Pictures with short captions
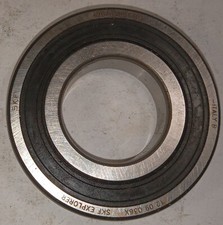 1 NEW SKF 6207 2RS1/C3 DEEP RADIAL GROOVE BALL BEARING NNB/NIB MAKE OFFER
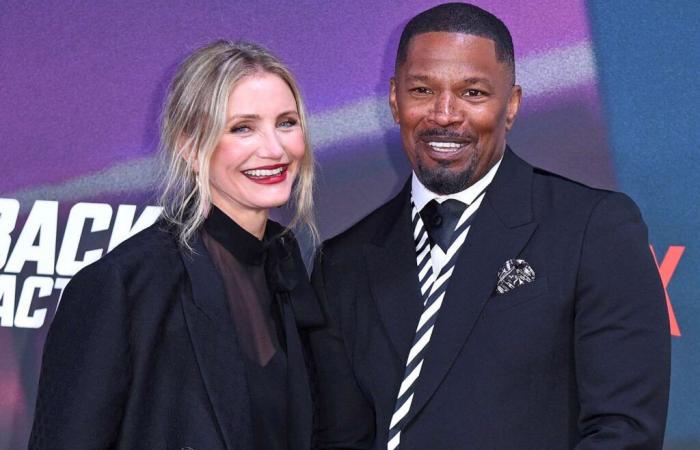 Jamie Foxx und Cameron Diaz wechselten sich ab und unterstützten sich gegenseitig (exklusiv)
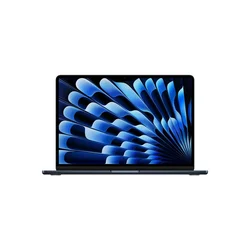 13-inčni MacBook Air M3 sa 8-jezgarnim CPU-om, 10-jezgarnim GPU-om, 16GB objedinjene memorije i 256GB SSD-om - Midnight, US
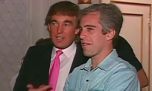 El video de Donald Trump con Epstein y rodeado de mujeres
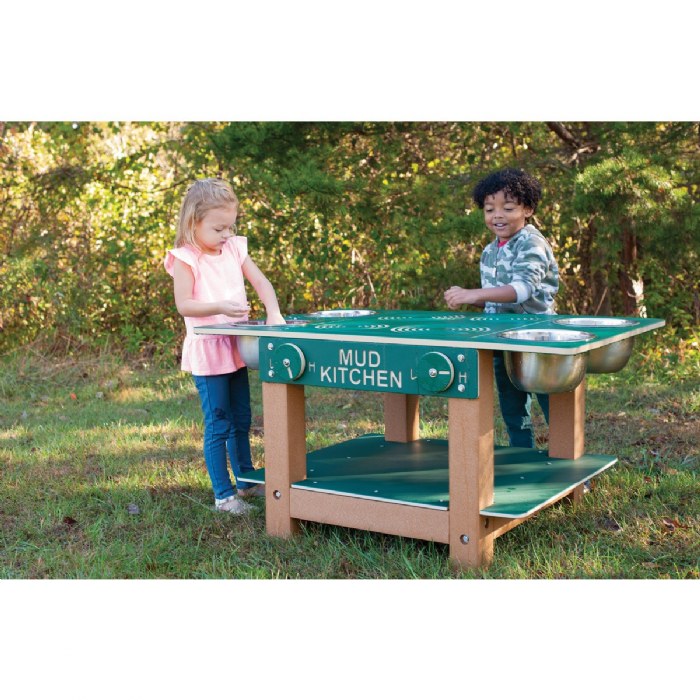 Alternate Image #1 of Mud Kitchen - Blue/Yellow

#### WORK REQUIRED
Nothing should appear in the answer except the lines from the first line of the data through the line holding "Jamie Foxx und", exactly as written, with pictures left out.

#### RESULT OF THE EXERCISE
 1 NEW SKF 6207 2RS1/C3 DEEP RADIAL GROOVE BALL BEARING NNB/NIB MAKE OFFER
 Jamie Foxx und Cameron Diaz wechselten sich ab und unterstützten sich gegenseitig (exklusiv)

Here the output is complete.